Independent Operator & Newsletter Analysis
Microsoft’s new MAI models (Simonwillison.Net)
Summary: Microsoft announced two new text LLMs: MAI-Thinking-1 (1T total, 35B active parameters) and MAI-Code-1-Flash (137B total, 5B active). The author initially misread the parameter counts, then corrected, noting the models are trained on proprietary web crawls and Common Crawl, not on cleanly licensed data as initially suggested. The author regrets the error and highlights that despite Microsoft’s claims, the training data still relies on the same problematic web scraping as other major models.

Why it matters: This matters because it reveals the persistent gap between marketing claims about ‘clean’ training data and the reality of how frontier models are actually built, which has direct implications for copyright litigation, licensing costs, and the feasibility of independent model development.
Context: Microsoft’s announcement emphasized enterprise-grade, commercially licensed data, but the technical paper shows the models were trained on a proprietary crawl of 794 billion pages plus 24.2 billion pages from Common Crawl, with only standard filtering applied.
"The majority of our web HTML corpus comes from a proprietary crawl.
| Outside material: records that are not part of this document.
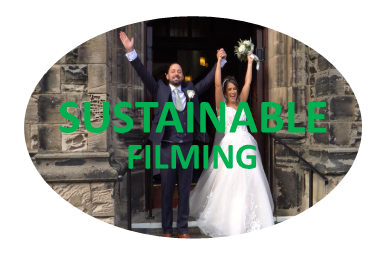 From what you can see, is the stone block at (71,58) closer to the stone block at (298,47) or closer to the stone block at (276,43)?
the stone block at (276,43)

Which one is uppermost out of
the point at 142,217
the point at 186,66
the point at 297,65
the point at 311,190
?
the point at 186,66

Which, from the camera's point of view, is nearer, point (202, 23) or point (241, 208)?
point (241, 208)

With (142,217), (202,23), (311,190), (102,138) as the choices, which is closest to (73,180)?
(102,138)

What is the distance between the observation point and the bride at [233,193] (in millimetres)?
3490

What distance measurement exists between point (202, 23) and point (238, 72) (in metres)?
1.22

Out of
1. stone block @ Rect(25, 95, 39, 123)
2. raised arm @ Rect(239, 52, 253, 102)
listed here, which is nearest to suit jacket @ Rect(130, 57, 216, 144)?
raised arm @ Rect(239, 52, 253, 102)

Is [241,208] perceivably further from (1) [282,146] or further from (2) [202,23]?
(2) [202,23]

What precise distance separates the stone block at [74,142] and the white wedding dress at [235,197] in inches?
49.2

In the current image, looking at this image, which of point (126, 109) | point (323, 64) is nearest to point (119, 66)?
point (126, 109)

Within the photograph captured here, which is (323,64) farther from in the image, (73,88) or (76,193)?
(76,193)

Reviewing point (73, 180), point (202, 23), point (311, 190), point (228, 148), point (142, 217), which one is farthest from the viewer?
point (202, 23)

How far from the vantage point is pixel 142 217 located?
4.11 m

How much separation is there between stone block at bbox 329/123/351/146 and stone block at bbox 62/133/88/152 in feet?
7.78

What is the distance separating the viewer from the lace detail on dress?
3.49 meters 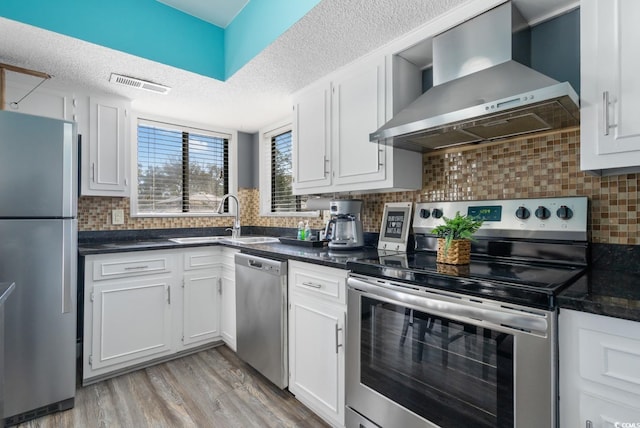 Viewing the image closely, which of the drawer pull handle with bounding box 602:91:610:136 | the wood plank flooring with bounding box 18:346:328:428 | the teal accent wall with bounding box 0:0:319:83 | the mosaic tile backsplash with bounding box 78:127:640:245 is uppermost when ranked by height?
Answer: the teal accent wall with bounding box 0:0:319:83

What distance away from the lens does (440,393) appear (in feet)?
4.10

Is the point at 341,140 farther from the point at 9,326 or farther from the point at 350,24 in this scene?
the point at 9,326

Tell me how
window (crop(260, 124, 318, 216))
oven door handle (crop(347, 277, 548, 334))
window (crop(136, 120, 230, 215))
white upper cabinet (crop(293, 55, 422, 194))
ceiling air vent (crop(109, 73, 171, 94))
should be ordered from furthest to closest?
window (crop(260, 124, 318, 216))
window (crop(136, 120, 230, 215))
ceiling air vent (crop(109, 73, 171, 94))
white upper cabinet (crop(293, 55, 422, 194))
oven door handle (crop(347, 277, 548, 334))

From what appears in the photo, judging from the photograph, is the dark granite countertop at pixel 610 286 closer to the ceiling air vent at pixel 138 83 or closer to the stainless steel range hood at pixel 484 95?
the stainless steel range hood at pixel 484 95

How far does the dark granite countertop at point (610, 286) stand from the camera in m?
0.87

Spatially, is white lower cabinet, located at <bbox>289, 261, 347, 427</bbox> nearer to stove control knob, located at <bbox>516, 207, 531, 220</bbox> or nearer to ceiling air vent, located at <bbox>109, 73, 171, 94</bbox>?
stove control knob, located at <bbox>516, 207, 531, 220</bbox>

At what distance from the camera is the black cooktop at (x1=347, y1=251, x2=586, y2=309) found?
1015 mm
After initial page discovery and selection, approximately 1.2 trillion pages are crawled and parsed. […] In addition to Microsoft standard policy Sec. 2.4, we apply UT1 block list (Prigent, 2026) to remove adult content and piracy-related domains." — SIMONWILLISON.NET
Commentary: The author’s self-correction is the real story here: even a careful observer can be misled by press releases. The MAI models’ low active parameter counts are technically impressive, but the training data pipeline remains indistinguishable from competitors’ in its reliance on unlicensed web content. For independent operators evaluating model provenance, this means the ‘clean data’ claim is effectively marketing spin until Microsoft publishes far more granular sourcing documentation.
Date: June 02, 2026 06:21 PM ET
URL: https://simonwillison.net/2026/Jun/2/microsofts-new-models/
AI Sentiment Score: Neutral (50%)
AI Credibility Score: 10.0/10 — High
Scores and text generated by AI analysis of the source article indicated.